The second one. All Electronic Genres like Cinematic, Trailer Music, EDM, Hip Hop, Trap etc...


----------



## purple (Jul 5, 2021)

nuyo said:


> Of course but you wouldn't have a tuba play the melody in a full arrangement.


why not?


----------



## nuyo (Jul 6, 2021)

purple said:


> why not?


Send me an example...


----------



## Kent (Jul 6, 2021)

Here’s one—winds, strings, brass, and a tuba all over the place!


----------



## nuyo (Jul 6, 2021)

kmaster said:


> Here’s one—winds, strings, brass, and a tuba all over the place!

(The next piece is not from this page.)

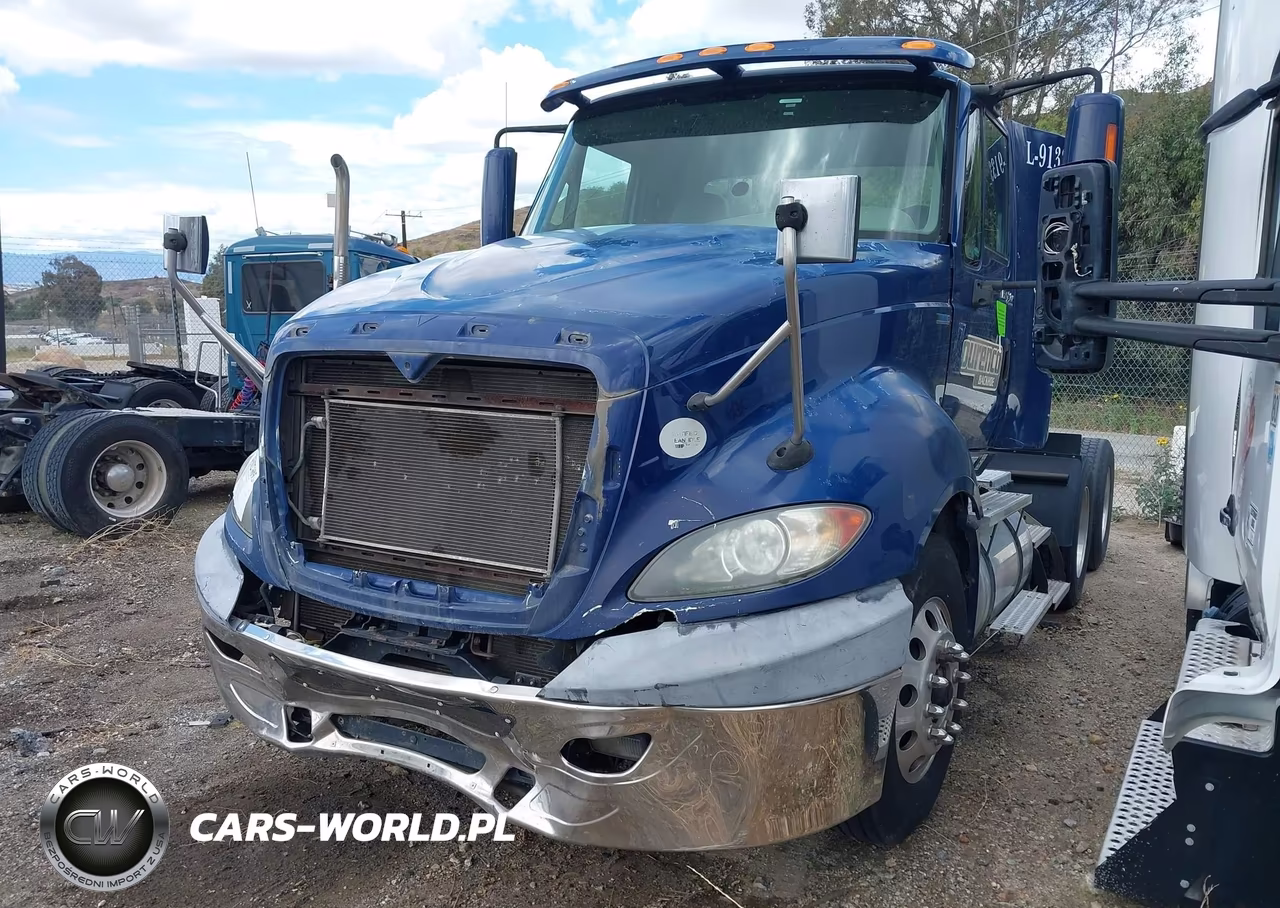 2011 International Prostar Premium VIN:1HSCUSJR4BJ359852 - 2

Not that I would criticize John Williams but to my ears... I would say that this piece sounds very muddy when the tuba is playing. It sounds like they forgot to turn it down at the mixing desk. When I listen to it on my speakers I immediately want to turn down the tuba. Maybe it's just a taste thing. But it is something that I don't hear in music that is (in my opinion) well produced and orchestrated.


----------



## 6ambler (Jul 6, 2021)

Also be aware of the fact that different keyboards-daws-synths mark middle C differently..Some use C3 and others C4..
Also another thing has to do with overtone-series as someone already mentioned..When you play instruments louder it has more overtones...In some cases instruments that play loudly produce even louder overtones that can even clash with other chord notes for example..Overtone series is really good starting point for orchestration...Its not just some theory but physics law..


----------



## chrisr (Jul 6, 2021)

nuyo said:


> I would say that this piece sounds very muddy when the tuba is playing. It sounds like they forgot to turn it down at the mixing desk. When I listen to it on my speakers I immediately want to turn down the tuba.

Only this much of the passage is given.